As the end of the year approaches, I assess what I need to do before the end of the year as a business owner. This often comes with meetings with experts, bookkeepers, CPA’s, business specialist, attorneys, etc. Honestly, it isn’t my favorite part of the job. I prefer sitting face to face with clients solving problems, but the tasks are necessary to ensure the stability of the firm for next year.

What should you be doing at the end of the year? I’m no income tax professional, but if you’re wondering if there are any strategies you should employ to ensure you’re paying the correct amount of taxes before the end of the year, you should reach out to your CPA. Don’t wait until April. Your CPA can offer great advice about where to direct money to reduce your income tax liability. Many of these strategies need to be executed before year end, so time is of the essence.

If you have a financial advisor, they also can provide insight about things to do before year end such as Roth conversions or funding a donor advised fund. A meeting with your financial advisor can also help you establish plans and financial goals for the upcoming year.

There are two things we’re discussing with our clients this year. This is lengthy, but please read to the end as this information will be invaluable to you.

  1. Corporate Transparency Act: To combat and securities fraud, money laundering, and other reasons, I’m sure, the legislature has enacted the Corporate Transparency Act (CTA).
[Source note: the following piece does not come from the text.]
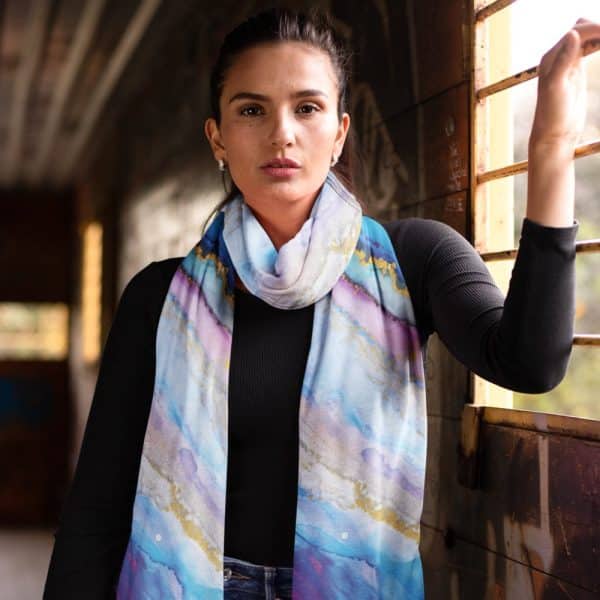 Woman Wearing A Long, Light Blue And Purple Watercolor-Patterned Scarf.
This act requires Corporations, Business Trust Cooperative Associations, Limited Liability Companies (LLC), Series LLC’s, Limited Partnerships (LP), Limited Liability Partnerships, Limited Liability LP’s and Decentralized Autonomous Organizations (DAO) and Beneficial Owners and Company Applicants – Persons owning, directly or indirectly, 25% or more of any business or who has “Substantial control” over a business, and “company applicants” which are lawyers, paralegals, CPAs or other third parties who form entities on behalf of a Reporting Entity. That seems like everyone, however, some are exempt, sole proprietorships, Estate Plan Trusts, General partnerships, and other regulated business entities such as non-profits, financial institutions, to name a few. Another exempt category requires a company to 3 characteristics:
    1. A physical United States address
    2. Have over 5 million in gross receipts on most recent tax filing, and
    3. Have at least 21 full time equivalent employees

The government has set up a system through which companies will report called the Beneficial Ownership Secure System (BOSS).
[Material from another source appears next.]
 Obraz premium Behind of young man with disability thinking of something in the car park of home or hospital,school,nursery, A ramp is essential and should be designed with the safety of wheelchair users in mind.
Reporting Entities must provide:

  1. Legal Name
  2. Trade Name(s) and DBA(s)
  3. Current U.S. address at a principal place of business
  4. Jurisdiction(s) where filed (original state or tribal jurisdiction) and all foreign jurisdictions
  5. EIN or TIN number

Beneficial Owners and Company Applicants must provide:

  1. Legal name
  2. Date of birth
  3. Current United States address
  4. Unique identifying number with issuing jurisdiction
  5. Image of a US passport, drivers license or other identification document issued by a state, local government or tribe.

The CTA becomes enforceable on January 1, 2024. Entities in existence before January 1, 2024, have one year to comply. For entities created in 2024, the entities have 90 days to report. For entities created in 2025 and after, Beneficial Owner and Company Applicants will have 30 days to comply. Additionally, if any required information changes, that change must be updated with within 30 days change, as long as the Reporting Entity exists.
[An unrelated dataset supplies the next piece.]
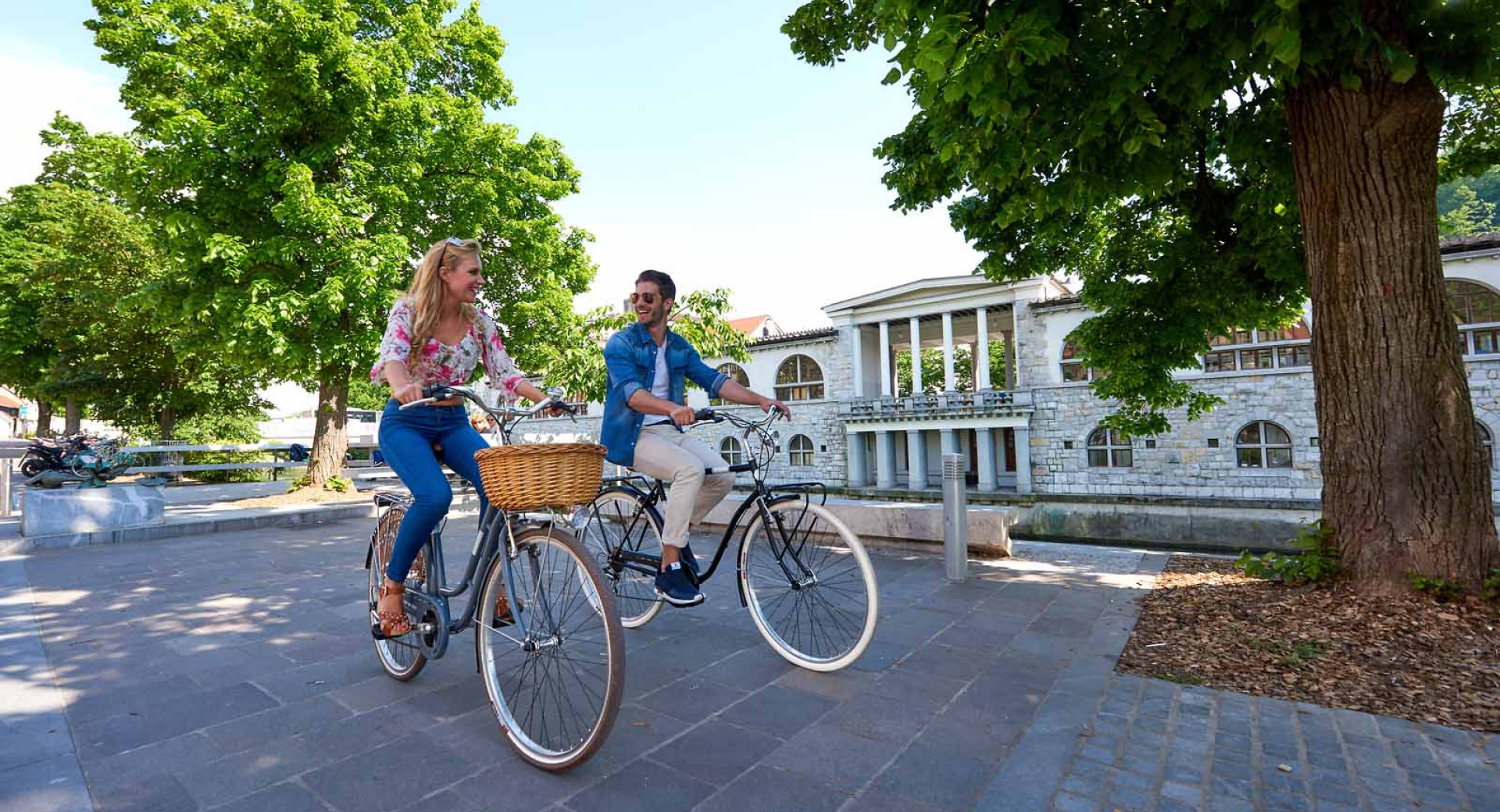 Kolesarja ob Ljubljanici. Za njima Plečnikova glavna tržnica.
If you don’t comply the penalties are staggering. $500.00 per day per entity or beneficial owner up to $10,000, you can also go to jail if you refuse to comply. If you don’t stay up to date on your filing, they can assess a penalty for each time things changed and you didn’t file.

If you own a business, please reach out to your CPA, accountant or attorney as soon as possible to discuss these things.

  1. Estate taxes: The end of this year brings us one year closer to the estate tax exemption sunset planned for the end of 2025. Right now, you can give away $12.92 million dollars estate tax free, per person, so $25.84 million for a married couple. At the end of 2025, that exemption is set to fall to $5 million per person. Some believe this won’t come to fruition. Right now, it would take an act of congress to change it. If Congress does nothing, we’re stuck with the $5 million exemption.

Some also think, “This wouldn’t apply to me.” You might be surprised. Look at your net worth once you’ve passed. For many of us, we’re richer dead than alive because our net worth for this calculation includes money you, or your family would receive from life insurance proceeds, and the value of non-liquid assets such as real estate, farmland, and business ownership, to name a few.

Why does this matter? It matters because 1. You never know what the exemption might be when you die, and you don’t know for sure what your net worth will be when you die at some point in the future. 2. Estate tax can be up to as much as 40% if you’re over the limit by $1,000,001. If you’re have $1,000,001 over the exemption, the estate tax on that $1,000,001 will be $345,000 plus 40%. Therefore, in this scenario, a whopping $745,000 will go to the IRS. There are ways to keep that from happening if you plan before the exemption plummets.